>>>

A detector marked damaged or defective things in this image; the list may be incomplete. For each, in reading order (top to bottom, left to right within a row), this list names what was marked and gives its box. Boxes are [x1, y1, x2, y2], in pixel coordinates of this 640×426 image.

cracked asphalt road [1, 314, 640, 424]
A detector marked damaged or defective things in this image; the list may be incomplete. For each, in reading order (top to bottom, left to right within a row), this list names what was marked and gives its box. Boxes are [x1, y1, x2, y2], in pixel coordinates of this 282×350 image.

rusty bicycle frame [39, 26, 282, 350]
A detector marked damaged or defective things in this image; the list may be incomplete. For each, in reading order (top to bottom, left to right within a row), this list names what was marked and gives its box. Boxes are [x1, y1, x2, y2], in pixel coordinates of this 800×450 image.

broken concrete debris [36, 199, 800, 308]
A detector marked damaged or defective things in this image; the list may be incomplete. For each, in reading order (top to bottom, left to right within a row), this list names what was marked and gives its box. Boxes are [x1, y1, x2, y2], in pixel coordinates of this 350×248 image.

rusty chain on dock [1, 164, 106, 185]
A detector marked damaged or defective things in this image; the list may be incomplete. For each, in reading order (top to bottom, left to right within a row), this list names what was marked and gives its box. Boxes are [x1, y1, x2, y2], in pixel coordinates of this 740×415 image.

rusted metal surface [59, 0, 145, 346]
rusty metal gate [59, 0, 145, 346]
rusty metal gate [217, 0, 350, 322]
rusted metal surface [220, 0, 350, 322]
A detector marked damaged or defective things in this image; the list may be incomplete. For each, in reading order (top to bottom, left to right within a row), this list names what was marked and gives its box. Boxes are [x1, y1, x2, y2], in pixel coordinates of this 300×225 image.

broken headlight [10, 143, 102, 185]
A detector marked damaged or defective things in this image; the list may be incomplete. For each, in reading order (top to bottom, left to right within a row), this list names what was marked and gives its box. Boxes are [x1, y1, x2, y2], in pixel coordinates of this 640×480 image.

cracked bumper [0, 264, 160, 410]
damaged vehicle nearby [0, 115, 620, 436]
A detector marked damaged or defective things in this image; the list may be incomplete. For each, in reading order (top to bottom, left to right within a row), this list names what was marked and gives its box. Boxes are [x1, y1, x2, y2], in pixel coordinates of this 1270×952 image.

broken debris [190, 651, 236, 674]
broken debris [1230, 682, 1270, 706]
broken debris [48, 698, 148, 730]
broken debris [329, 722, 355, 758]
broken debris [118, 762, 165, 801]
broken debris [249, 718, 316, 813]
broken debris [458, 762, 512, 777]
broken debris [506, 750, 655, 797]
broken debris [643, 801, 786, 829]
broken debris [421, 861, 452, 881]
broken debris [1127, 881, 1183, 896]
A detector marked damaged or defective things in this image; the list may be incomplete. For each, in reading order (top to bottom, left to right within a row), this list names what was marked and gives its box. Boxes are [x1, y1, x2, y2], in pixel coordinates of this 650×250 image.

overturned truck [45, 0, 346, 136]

<<<

Please output, exactly, the lines of the listing from the one containing "this 650×250 image." through the last, inclusive, and no other lines.

* Written response *
A detector marked damaged or defective things in this image; the list may be incomplete. For each, in reading order (top to bottom, left to right within a row), this list names what was marked and gives its box. Boxes are [x1, y1, x2, y2], in pixel coordinates of this 650×250 image.

overturned truck [45, 0, 346, 136]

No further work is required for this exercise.